§ **What is expected**: Your task is to transcribe the data exactly while omitting each picture.
═══ Data block ═══
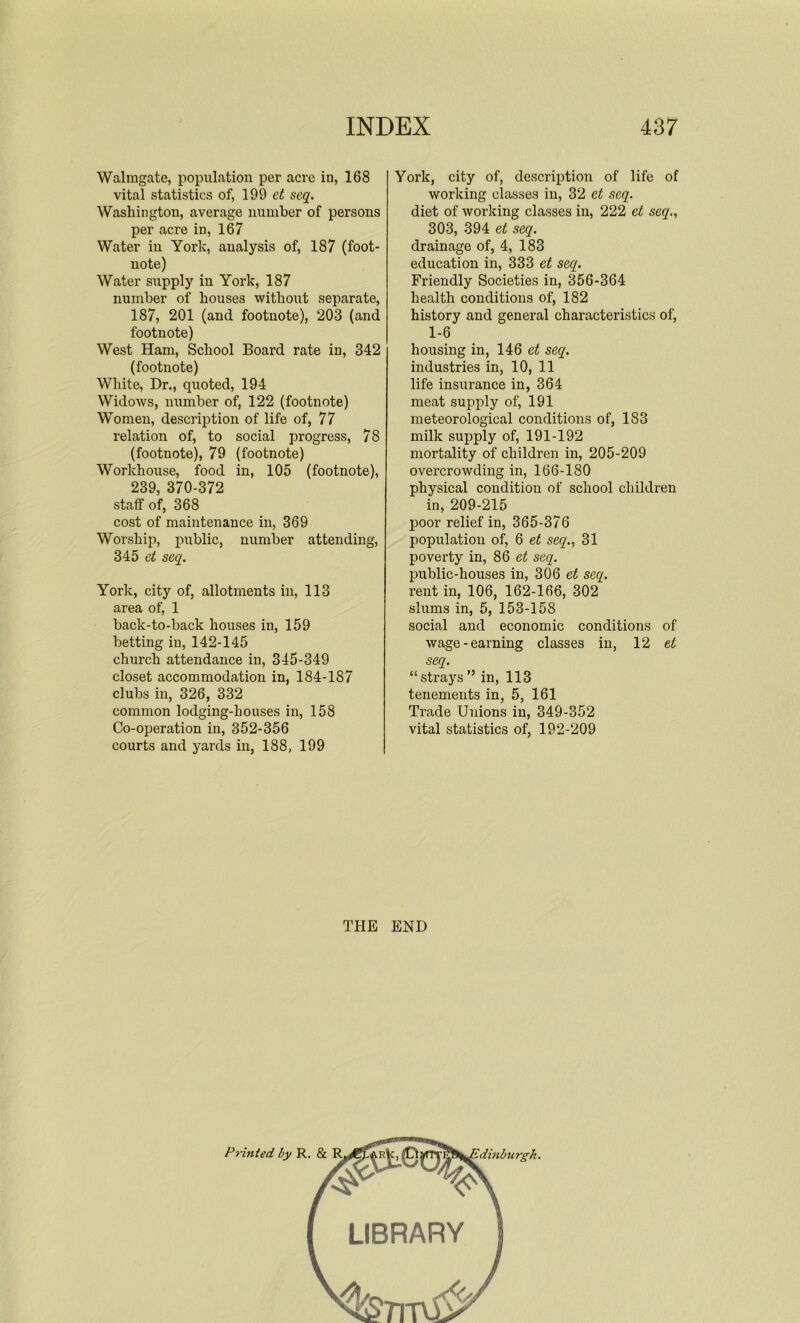 Walmgate, population per acre in, 168 vital statistics of, 199 et seq. Washington, average number of persons per acre in, 167 Water in York, analysis of, 187 (foot- note) Water supply in York, 187 number of houses without separate, 187, 201 (and footnote), 203 (and footnote) West Ham, School Board rate in, 342 (footnote) White, Dr., quoted, 194 Widows, number of, 122 (footnote) Women, description of life of, 77 relation of, to social progress, 78 (footnote), 79 (footnote) Workhouse, food in, 105 (footnote), 239, 370-372 staff of, 368 cost of maintenance in, 369 Worship, public, number attending, 345 et seq. York, city of, allotments in, 113 area of, 1 back-to-back houses in, 159 betting in, 142-145 church attendance in, 345-349 closet accommodation in, 184-187 clubs in, 326, 332 common lodging-houses in, 158 Co-operation in, 352-356 courts and yards in, 188, 199 York, city of, description of life of working classes in, 32 et seq. diet of working classes in, 222 et seq., 303, 394 et seq. drainage of, 4, 183 education in, 333 et seq. Friendly Societies in, 356-364 health conditions of, 182 history and general characteristics of, 1-6 housing in, 146 et seq. industries in, 10, 11 life insurance in, 364 meat supply of, 191 meteorological conditions of, 183 milk supply of, 191-192 mortality of children in, 205-209 overcrowding in, 166-180 physical condition of school children in, 209-215 poor relief in, 365-376 population of, 6 et seq., 31 poverty in, 86 et seq. public-houses in, 306 et seq. rent in, 106, 162-166, 302 slums in, 5, 153-158 social and economic conditions of wage-earning classes in, 12 et seq. “strays ” in, 113 tenements in, 5, 161 Trade Unions in, 349-352 vital statistics of, 192-209 THE END Printed by R. & R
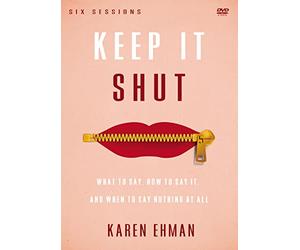Keep It Shut Video Study: What to Say, How to Say It, and When to Say Nothing At All [DVD]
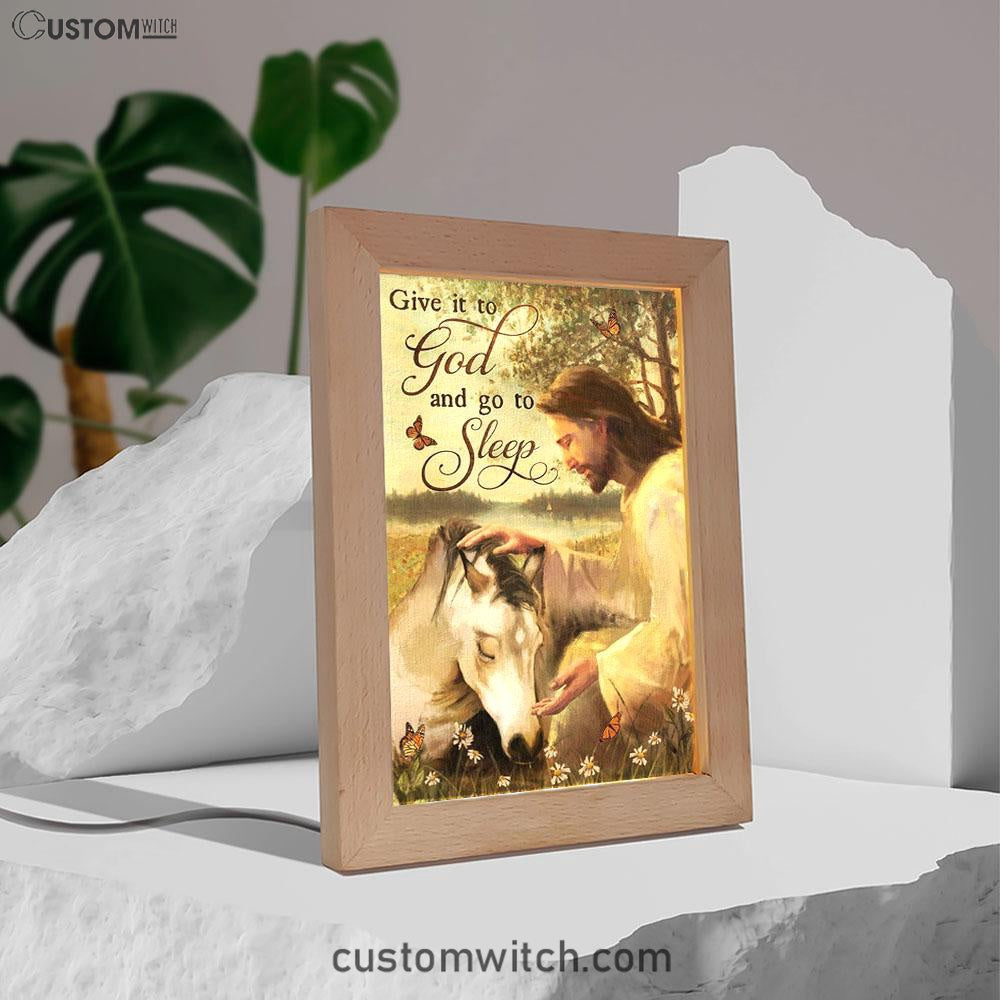 Sleeping Horse And Jesus Frame Lamp - Give It To God And Go To Sleep Frame Lamp Prints - Jesus Christ Frame Lamp Art - Christian Decor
═══
§ **Output of the task**:
 Walmgate, population per acre in, 168 vital statistics of, 199 et seq. Washington, average number of persons per acre in, 167 Water in York, analysis of, 187 (foot- note) Water supply in York, 187 number of houses without separate, 187, 201 (and footnote), 203 (and footnote) West Ham, School Board rate in, 342 (footnote) White, Dr., quoted, 194 Widows, number of, 122 (footnote) Women, description of life of, 77 relation of, to social progress, 78 (footnote), 79 (footnote) Workhouse, food in, 105 (footnote), 239, 370-372 staff of, 368 cost of maintenance in, 369 Worship, public, number attending, 345 et seq. York, city of, allotments in, 113 area of, 1 back-to-back houses in, 159 betting in, 142-145 church attendance in, 345-349 closet accommodation in, 184-187 clubs in, 326, 332 common lodging-houses in, 158 Co-operation in, 352-356 courts and yards in, 188, 199 York, city of, description of life of working classes in, 32 et seq. diet of working classes in, 222 et seq., 303, 394 et seq. drainage of, 4, 183 education in, 333 et seq. Friendly Societies in, 356-364 health conditions of, 182 history and general characteristics of, 1-6 housing in, 146 et seq. industries in, 10, 11 life insurance in, 364 meat supply of, 191 meteorological conditions of, 183 milk supply of, 191-192 mortality of children in, 205-209 overcrowding in, 166-180 physical condition of school children in, 209-215 poor relief in, 365-376 population of, 6 et seq., 31 poverty in, 86 et seq. public-houses in, 306 et seq. rent in, 106, 162-166, 302 slums in, 5, 153-158 social and economic conditions of wage-earning classes in, 12 et seq. “strays ” in, 113 tenements in, 5, 161 Trade Unions in, 349-352 vital statistics of, 192-209 THE END Printed by R. & R
Keep It Shut Video Study: What to Say, How to Say It, and When to Say Nothing At All [DVD]
 Sleeping Horse And Jesus Frame Lamp - Give It To God And Go To Sleep Frame Lamp Prints - Jesus Christ Frame Lamp Art - Christian Decor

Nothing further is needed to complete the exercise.